You can also pass the key as a query parameter: ?key=your_api_key

Quick Start

Scrape a simple site (datacenter proxy, 1 credit):

curl -X POST https://api.sessemi.com/scrape \
  -H "X-API-Key: your_api_key" \
  -H "Content-Type: application/json" \
  -d '{
    "url": "https://example.com"
  }'bash

Scrape a protected site with challenge solving (residential proxy):

curl -X POST https://api.sessemi.com/scrape \
  -H "X-API-Key: your_api_key" \
  -H "Content-Type: application/json" \
  -d '{
    "url": "https://example.com",
    "pool": "residential"
  }'bash

Response:

{
  "success": true,
  "url": "https://example.com",
  "resolved_url": "https://example.com/",
  "html": "<!doctype html>...",
  "html_size": 48210,
  "status_code": 200,
  "challenge_type": "solved",
  "challenge_provider": "cloudflare",
  "pool": "residential",
  "solved": true,
  "credits_charged": 5,
  "credits_remaining": 2495,
  "duration_ms": 8420,
  "cookies": [...]
}json

POST /scrape

Scrape a URL. Challenges are detected and solved automatically. Fingerprint management is always on.

Request Parameters

Parameter	Type	Description
url required	string	Target URL to scrape.
pool	string	Proxy pool: `datacenter` (default, 1 credit) or `residential` (3 credits, or 5 with solve). Datacenter is fast and cheap — use for sites without anti-bot protection. Residential uses premium IPs with higher trust scores — use for protected sites.
solve	boolean	Enable challenge solving (Cloudflare, DataDome). Adds +2 credits to the pool base rate. Enabled by default with `pool: "residential"`. When a challenge is detected, Sessemi solves it automatically and returns the page content. Set `solve: false` explicitly to disable — challenges will be returned as `challenge_unsolved`.
country	string	Proxy country code (e.g. `FR`, `DE`, `US`). 240+ countries supported. Routes through a residential proxy in that country with proprietary fingerprint management. Only with `pool: "residential"` or `stealth: true`.
session	string	Session ID. Pins requests to a persistent environment — cookies, localStorage, and JS state carry across requests. Use for authenticated scraping (login → scrape) or multi-step JS interactions. Expires after 5 minutes idle or 10 minutes total. Any string works — created automatically on first use. Not needed for anti-bot bypass or pagination — Sessemi handles anti-bot bypass automatically.
screenshot	boolean	Include a base64-encoded PNG screenshot in the response. +1 credit
wait_for	string	CSS selector to wait for before returning HTML. Comma-separated for OR logic: `.products, .no-results`
wait_for_js	string	JS expression that must return truthy before returning HTML. Example: `window.__DATA__ !== undefined`
wait_timeout	integer	Max seconds to wait for `wait_for` / `wait_for_js`. Default: 10.
js_on_load	string	JavaScript run in the page while it loads, before `wait_for` / `wait_for_js` resolves.
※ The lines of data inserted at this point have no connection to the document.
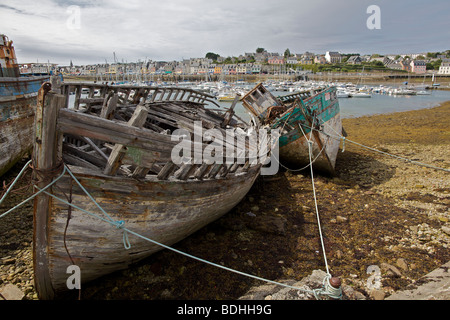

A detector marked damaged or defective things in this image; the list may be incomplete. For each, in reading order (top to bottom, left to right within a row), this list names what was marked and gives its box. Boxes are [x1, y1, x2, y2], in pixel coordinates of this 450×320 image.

wrecked wooden boat [0, 34, 48, 175]
wrecked wooden boat [33, 81, 262, 298]
wrecked wooden boat [243, 83, 344, 175]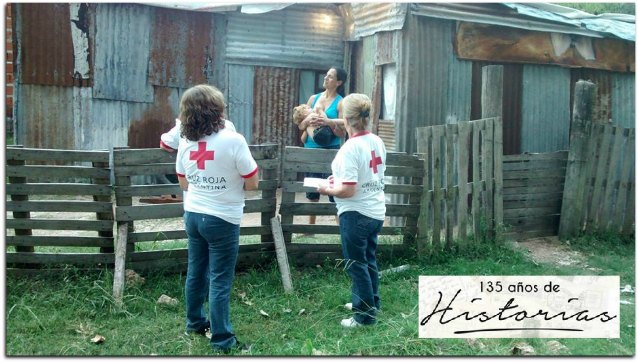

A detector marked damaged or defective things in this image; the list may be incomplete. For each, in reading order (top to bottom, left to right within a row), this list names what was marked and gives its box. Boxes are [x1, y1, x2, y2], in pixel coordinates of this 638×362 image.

rusty metal sheet [18, 3, 76, 86]
rusty metal sheet [93, 3, 154, 102]
rusty metal sheet [149, 7, 214, 87]
rusty metal sheet [458, 21, 636, 73]
rusty metal sheet [252, 67, 302, 148]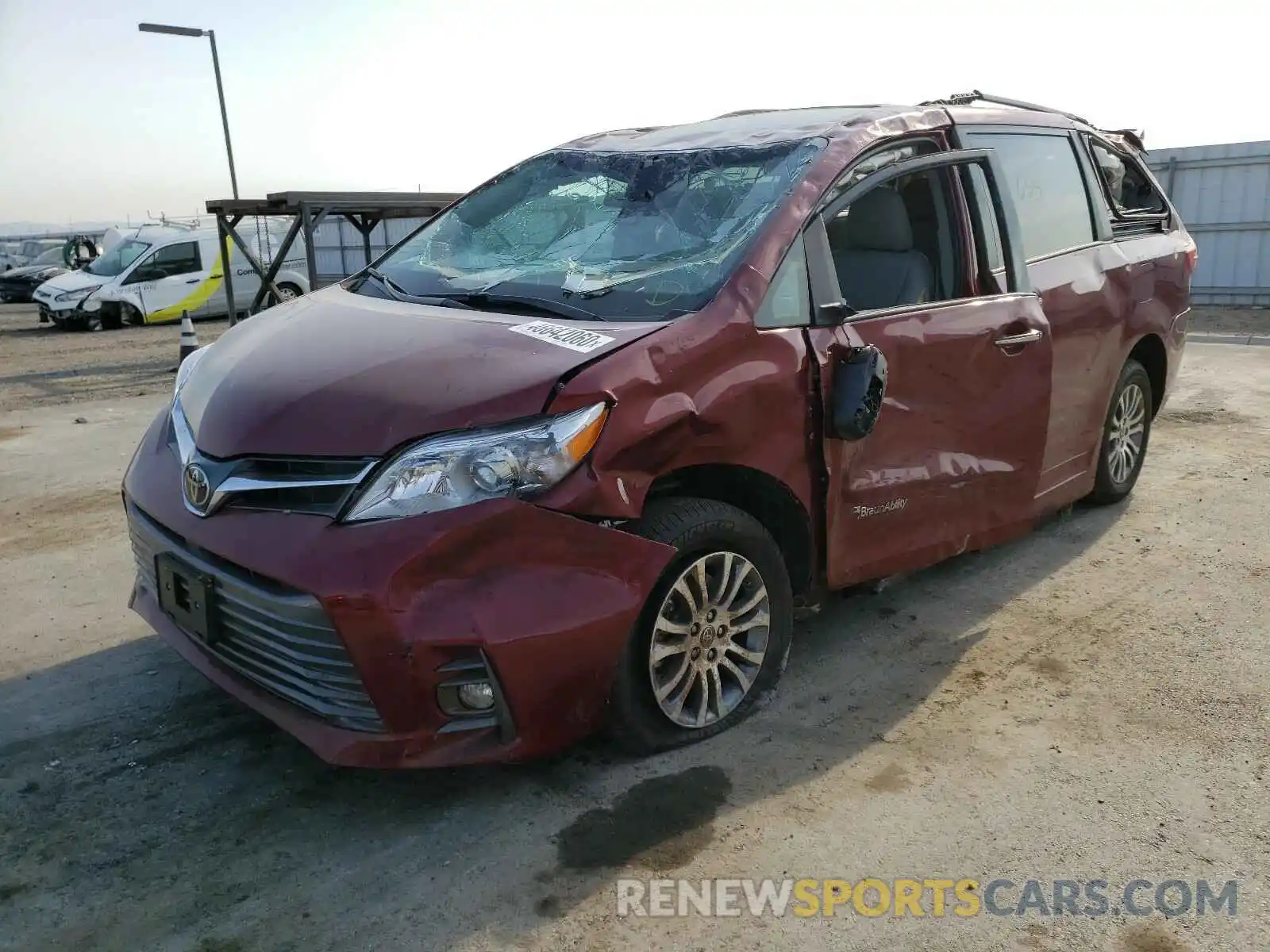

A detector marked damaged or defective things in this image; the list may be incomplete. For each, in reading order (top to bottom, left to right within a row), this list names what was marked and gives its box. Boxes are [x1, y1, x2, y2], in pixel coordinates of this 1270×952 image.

shattered windshield [88, 240, 151, 278]
shattered windshield [363, 140, 828, 322]
damaged toyota sienna [124, 95, 1194, 766]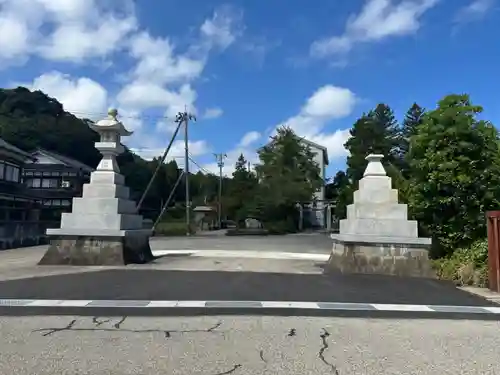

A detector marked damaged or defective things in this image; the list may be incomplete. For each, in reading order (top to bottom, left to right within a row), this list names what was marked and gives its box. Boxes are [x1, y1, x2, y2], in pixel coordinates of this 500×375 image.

road crack [320, 328, 340, 374]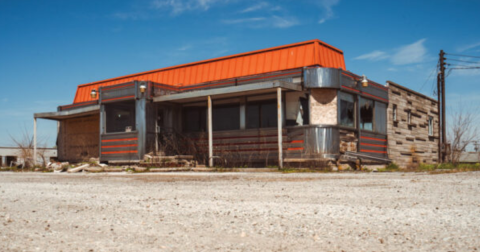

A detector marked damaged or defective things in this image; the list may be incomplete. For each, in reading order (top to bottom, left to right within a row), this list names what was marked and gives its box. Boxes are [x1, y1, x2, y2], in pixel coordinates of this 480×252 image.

rusted metal siding [72, 39, 344, 102]
broken window [105, 100, 135, 133]
broken window [358, 97, 374, 131]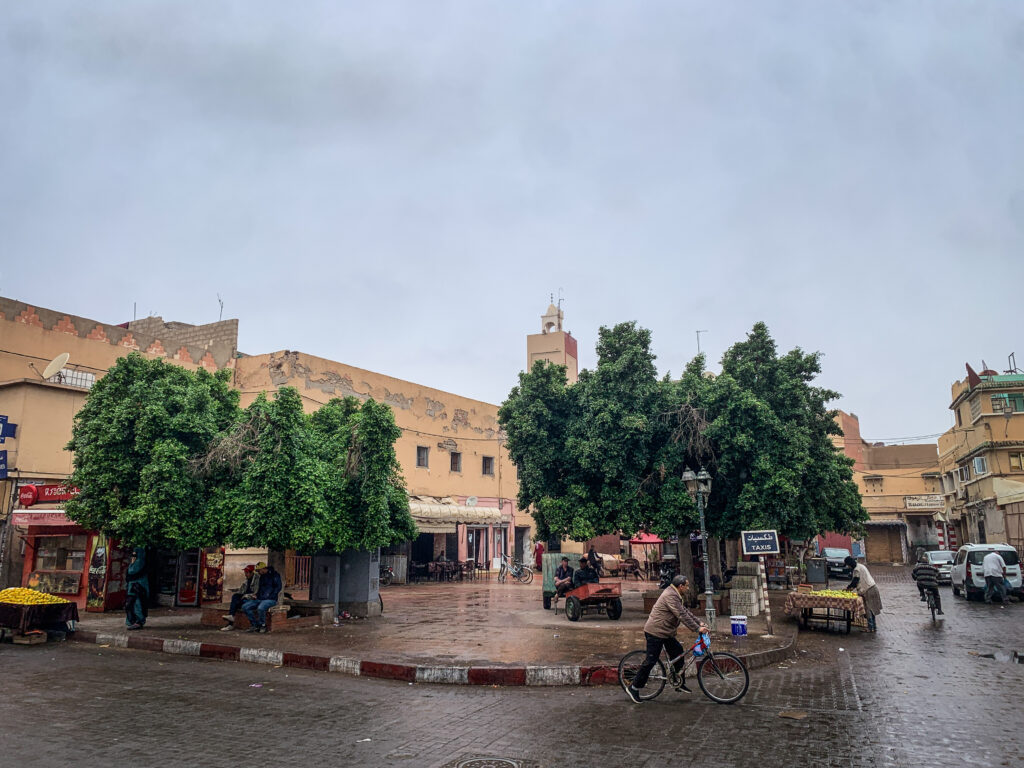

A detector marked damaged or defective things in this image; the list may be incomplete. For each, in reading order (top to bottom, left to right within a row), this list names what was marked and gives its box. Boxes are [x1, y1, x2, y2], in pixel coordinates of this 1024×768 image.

peeling plaster wall [236, 352, 524, 514]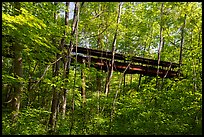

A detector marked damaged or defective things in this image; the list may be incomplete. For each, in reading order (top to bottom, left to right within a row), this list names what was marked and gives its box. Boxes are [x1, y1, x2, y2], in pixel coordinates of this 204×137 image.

rusty metal structure [69, 45, 181, 78]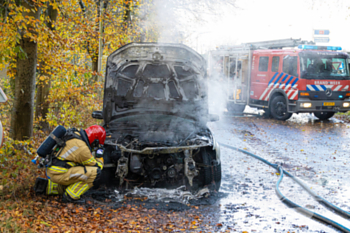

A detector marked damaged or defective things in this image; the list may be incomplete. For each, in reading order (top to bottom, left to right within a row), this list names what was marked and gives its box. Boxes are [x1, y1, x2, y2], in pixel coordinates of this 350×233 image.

burned car [93, 43, 221, 191]
charred car body [95, 43, 221, 191]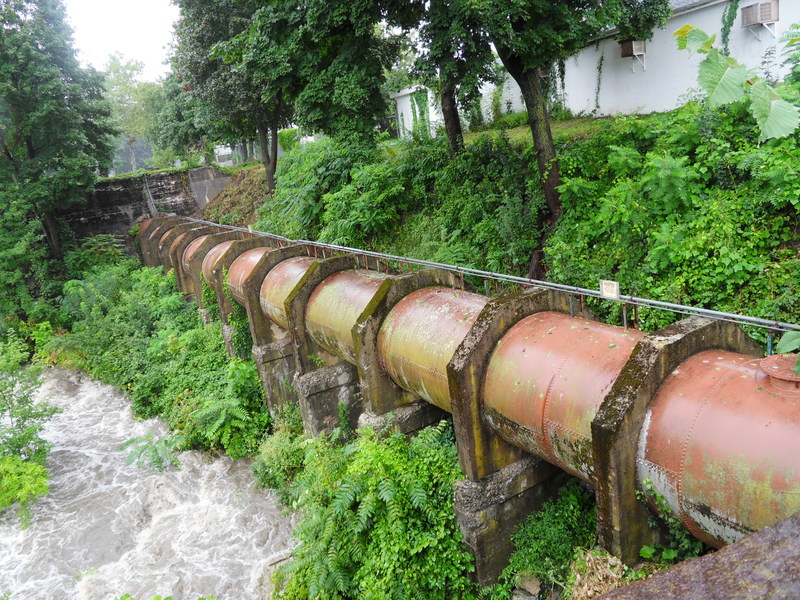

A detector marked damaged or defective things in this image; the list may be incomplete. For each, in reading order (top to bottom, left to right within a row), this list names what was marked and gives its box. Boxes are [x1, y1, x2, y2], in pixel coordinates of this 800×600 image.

rust stain on pipe [182, 234, 209, 276]
rusted metal pipe section [182, 237, 209, 278]
rust stain on pipe [202, 240, 236, 284]
rusted metal pipe section [202, 240, 236, 284]
large rusty pipeline [202, 240, 236, 284]
rust stain on pipe [227, 247, 274, 304]
large rusty pipeline [227, 247, 274, 304]
rusted metal pipe section [227, 247, 274, 308]
rusted metal pipe section [260, 256, 316, 330]
rust stain on pipe [260, 256, 316, 330]
large rusty pipeline [260, 256, 316, 330]
large rusty pipeline [304, 270, 390, 364]
rust stain on pipe [304, 270, 390, 364]
rusted metal pipe section [306, 270, 390, 364]
rust stain on pipe [376, 288, 484, 412]
rusted metal pipe section [376, 288, 488, 412]
large rusty pipeline [376, 288, 488, 412]
rusted metal pipe section [482, 312, 644, 480]
large rusty pipeline [482, 312, 644, 480]
rust stain on pipe [482, 312, 644, 480]
large rusty pipeline [636, 352, 800, 548]
rusted metal pipe section [636, 350, 800, 552]
rust stain on pipe [636, 350, 800, 552]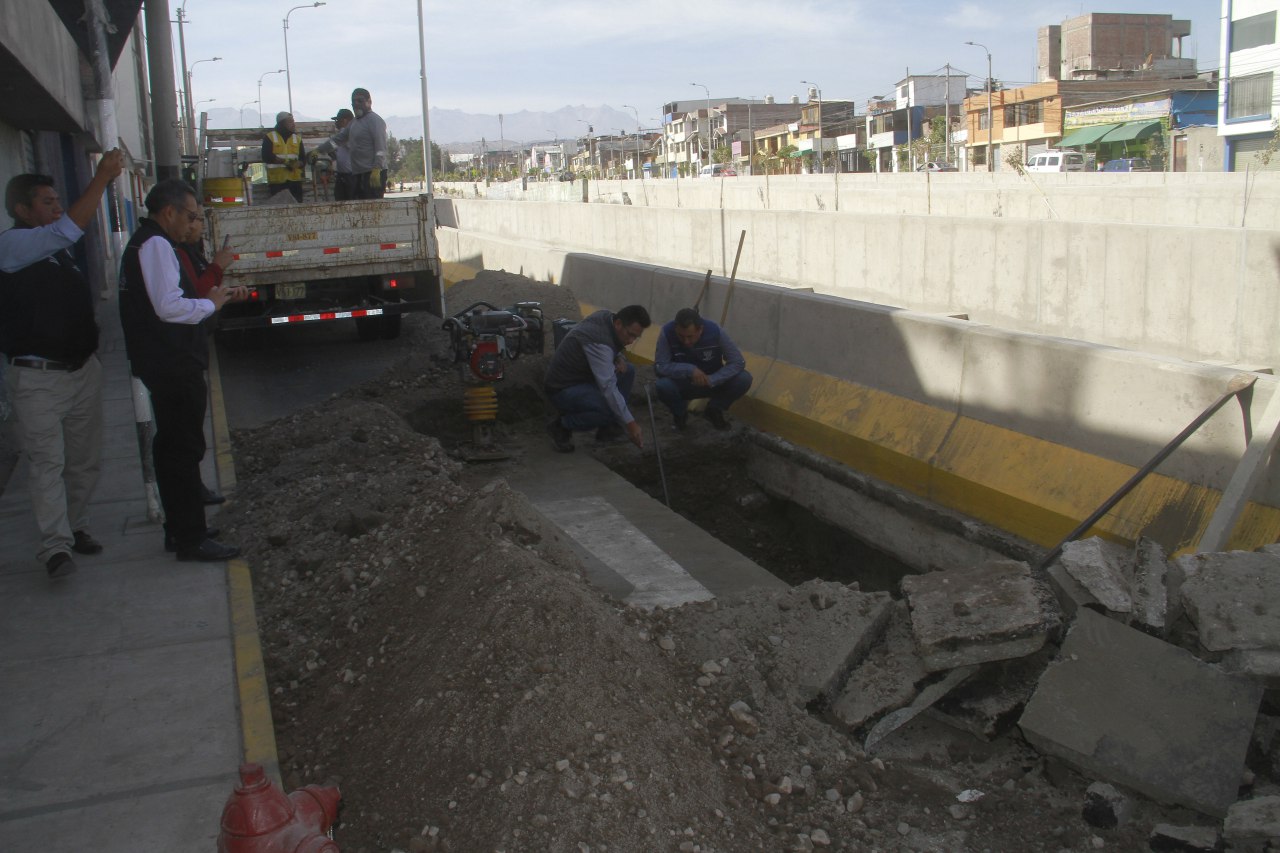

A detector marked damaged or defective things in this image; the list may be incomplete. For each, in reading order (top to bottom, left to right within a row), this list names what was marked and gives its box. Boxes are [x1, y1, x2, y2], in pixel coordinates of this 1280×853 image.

broken concrete slab [832, 600, 928, 732]
broken concrete slab [900, 560, 1056, 672]
broken concrete slab [1056, 536, 1128, 616]
broken concrete slab [1016, 608, 1264, 816]
broken concrete slab [1176, 552, 1280, 652]
broken concrete slab [1216, 796, 1280, 848]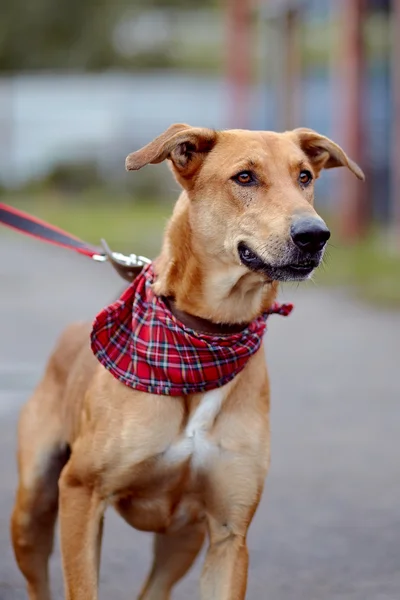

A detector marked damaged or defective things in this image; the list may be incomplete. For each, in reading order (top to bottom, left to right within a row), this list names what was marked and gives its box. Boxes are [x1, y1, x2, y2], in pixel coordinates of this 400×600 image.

rusty pole [225, 0, 253, 129]
rusty pole [336, 0, 368, 241]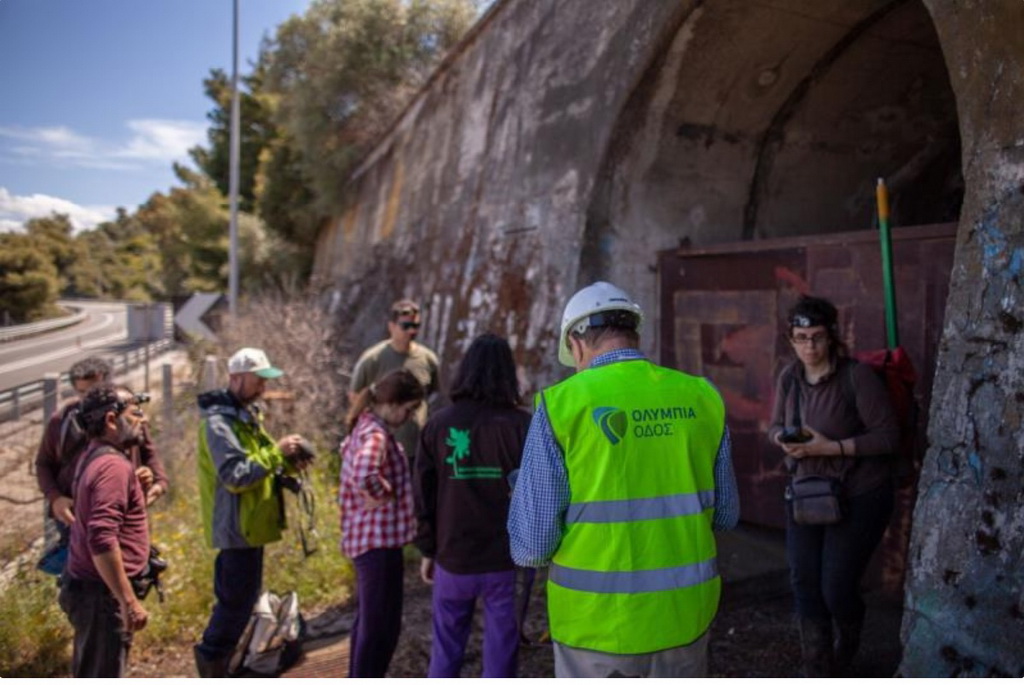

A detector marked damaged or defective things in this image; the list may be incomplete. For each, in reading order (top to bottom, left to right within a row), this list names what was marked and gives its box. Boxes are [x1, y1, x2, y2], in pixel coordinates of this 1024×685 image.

rusty metal door [659, 222, 954, 589]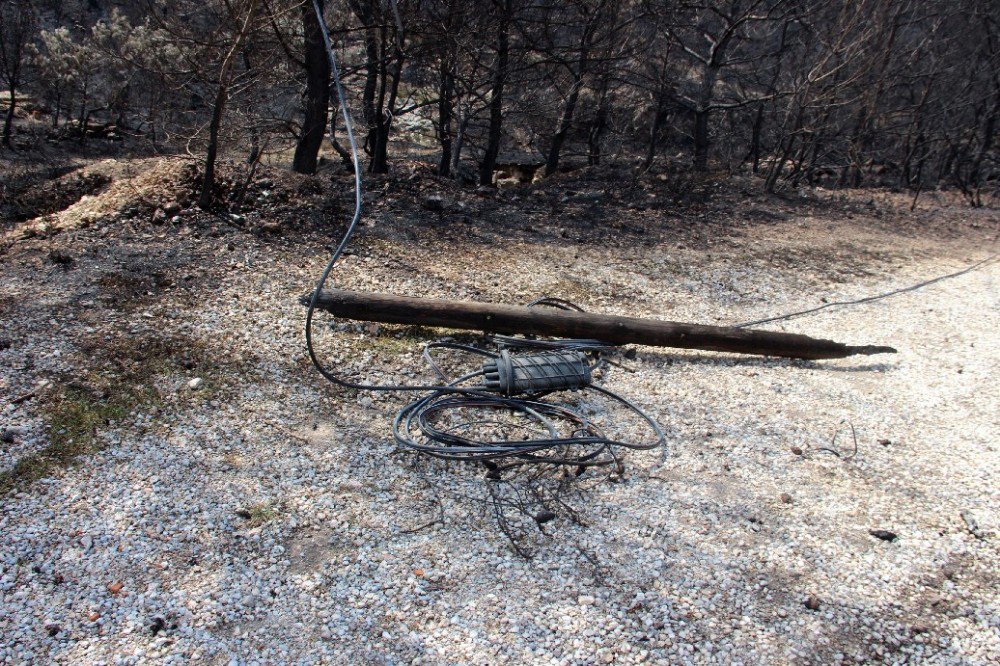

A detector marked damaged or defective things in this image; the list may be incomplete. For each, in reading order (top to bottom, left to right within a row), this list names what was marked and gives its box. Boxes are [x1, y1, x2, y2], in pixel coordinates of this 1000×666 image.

Use it to dismiss an overlay or cookie-consent banner that hides content. It may run more than once as the page settles, so keep it idempotent — acting on an element that isn't present should be a harmless no-op. Requires `render: true`.
script	string	JavaScript to execute after page load. Result returned in `script_result`. See JS Execution.
warmup	boolean	Prime the session by loading the site's homepage before the target URL. Reduces the chance of blocks on deep links.
render	boolean	Enable JavaScript rendering. Use for JS-rendered SPAs (React, Vue, Angular) where you need the full DOM. When omitted, Sessemi automatically chooses the fastest method for each request.
timeout	integer	Request timeout in seconds. Default: 90. Challenge solving on protected sites can take 15–30 seconds — setting this too low may cause solve attempts to fail. For JS-heavy or protected sites, keep the default or increase it.
retry	integer	Number of automatic retries on failure. Max: 5. See Retries.
retry_on	string[]	Failure types that trigger retry: `server_error`, `challenge_timeout`, `navigate_failed`, `empty_page`
stealth	boolean	The recommended flag for protected sites. Automatically selects residential proxy, challenge solving, and IP rotation. One toggle, maximum success rate. Credit cost depends on your plan — see pricing. Explicit user values for `pool`, `country`, etc. are not overridden — stealth only fills in defaults.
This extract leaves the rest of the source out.